Je ne voudrais pas toute­fois passer sous silence une cer­taine habileté que je peux démon­trer par­fois, qui est celle d’avoir développé cer­tains trucs me per­me­t­tant de paraître davan­tage cul­tivé. En effet, je ne suis pas peu fier de ces arti­fices qui m’aident à jeter de la poudre aux yeux : grâce à ces astuces, je parais tou­jours savoir quoi dire alors qu’en réal­ité, je ne saurais trop affirmer quoi que ce soit telle­ment j’ignore tout sur tout. Bien sûr, il y a de petites excep­tions. Je sais tout du cinéma, sauf du cinéma récent : les films et les acteurs que vous con­nais­sez, je ne pour­rais pas en par­ler; le cinéma des années 50 et 60, par con­tre, je le con­nais un peu mieux. Il suf­fit que vous ignoriez une chose pour que je la con­naisse : c’est tou­jours plus facile ainsi pour paraître savant. Aussi, demandez-​moi quelque chose à pro­pos du dernier livre que tout le monde a lu, je ne saurais rien vous répon­dre. Par con­tre, au sujet d’un Dos­toïevski ou d’un Mau­pas­sant, je pour­rais dis­courir pen­dant des heures. Voilà pourquoi je parais con­naître bien des choses : je m’intéresse unique­ment à ce qui ennuie la plu­part des gens.
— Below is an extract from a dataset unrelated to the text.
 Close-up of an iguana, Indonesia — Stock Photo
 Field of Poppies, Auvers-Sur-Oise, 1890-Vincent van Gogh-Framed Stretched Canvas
Je ne sais rien, c’est évi­dent. Mais si par hasard vous trou­vez dans ce que je dis un sem­blant de vérité, n’hésitez pas à me le dire. J’ai tou­jours ce besoin de croire que je ne fais pas que lancer des paroles en l’air. Si vous en attraper une, gardez-​la bien pour moi. Qui sait ? On ne sait jamais quand on peut avoir besoin d’un bon mot, d’une parole récon­for­t­ante… ou d’un rien. Parce sou­vent, il ne suf­fit d’un rien pour faire toute la différence.